Start of Block

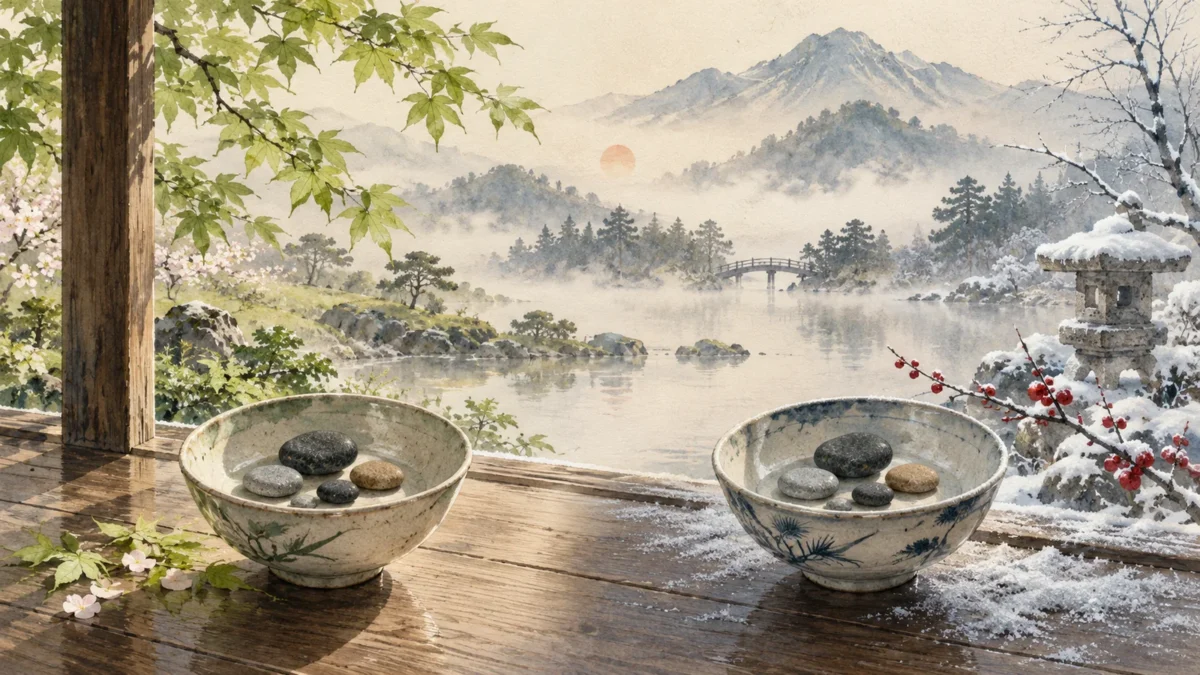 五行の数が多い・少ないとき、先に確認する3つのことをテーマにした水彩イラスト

End of Block
Start of Block

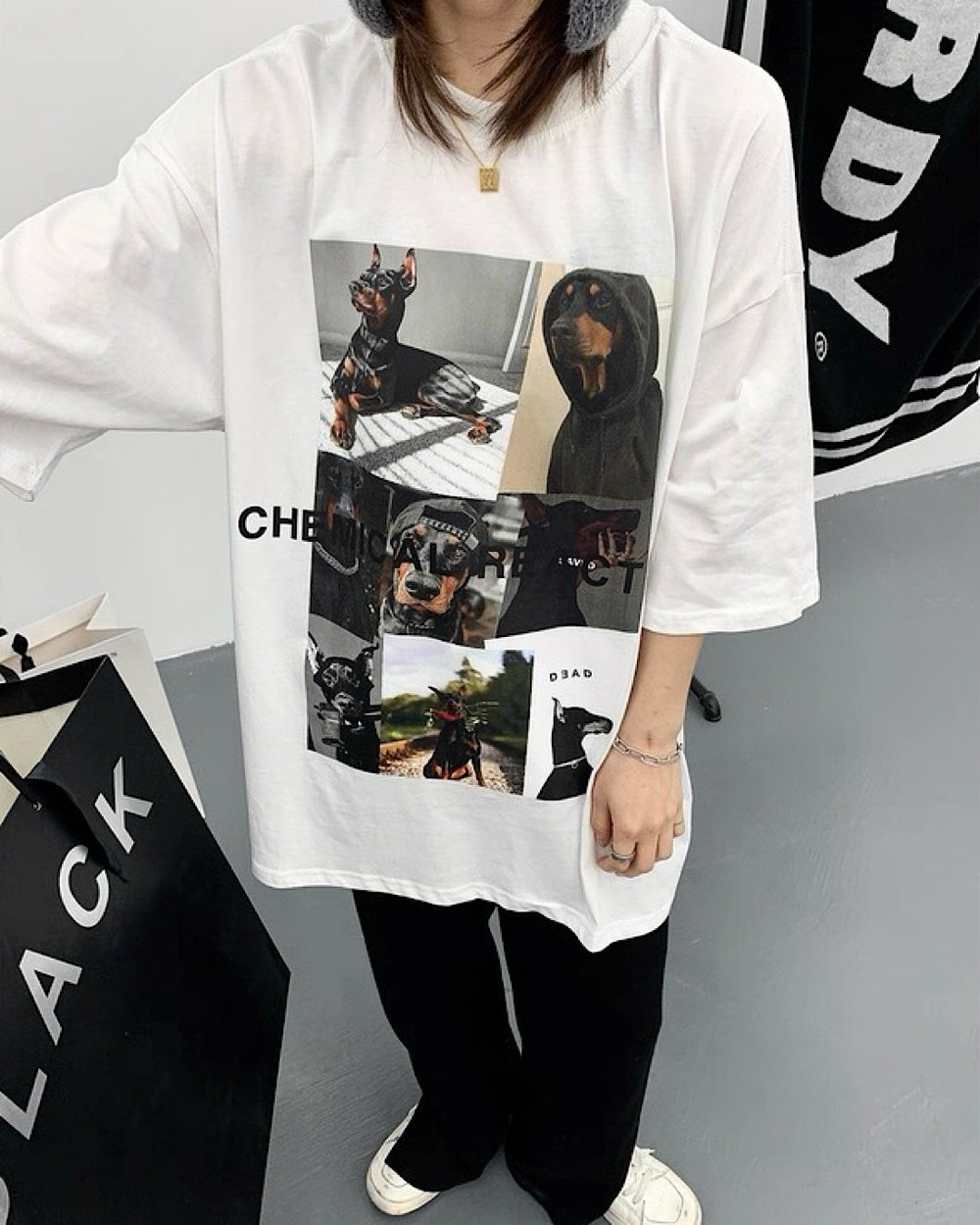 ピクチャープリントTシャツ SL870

End of Block
Start of Block

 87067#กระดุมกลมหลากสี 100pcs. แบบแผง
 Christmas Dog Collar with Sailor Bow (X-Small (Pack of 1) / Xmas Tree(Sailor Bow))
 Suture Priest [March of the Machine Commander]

End of Block

▸ What the task requires: Transcribe the records above from the line holding "Christmas Dog Collar" down to the line holding "Suture Priest [March", inclusive, without adding anything.

▸ Response below:
 Christmas Dog Collar with Sailor Bow (X-Small (Pack of 1) / Xmas Tree(Sailor Bow))
 Suture Priest [March of the Machine Commander]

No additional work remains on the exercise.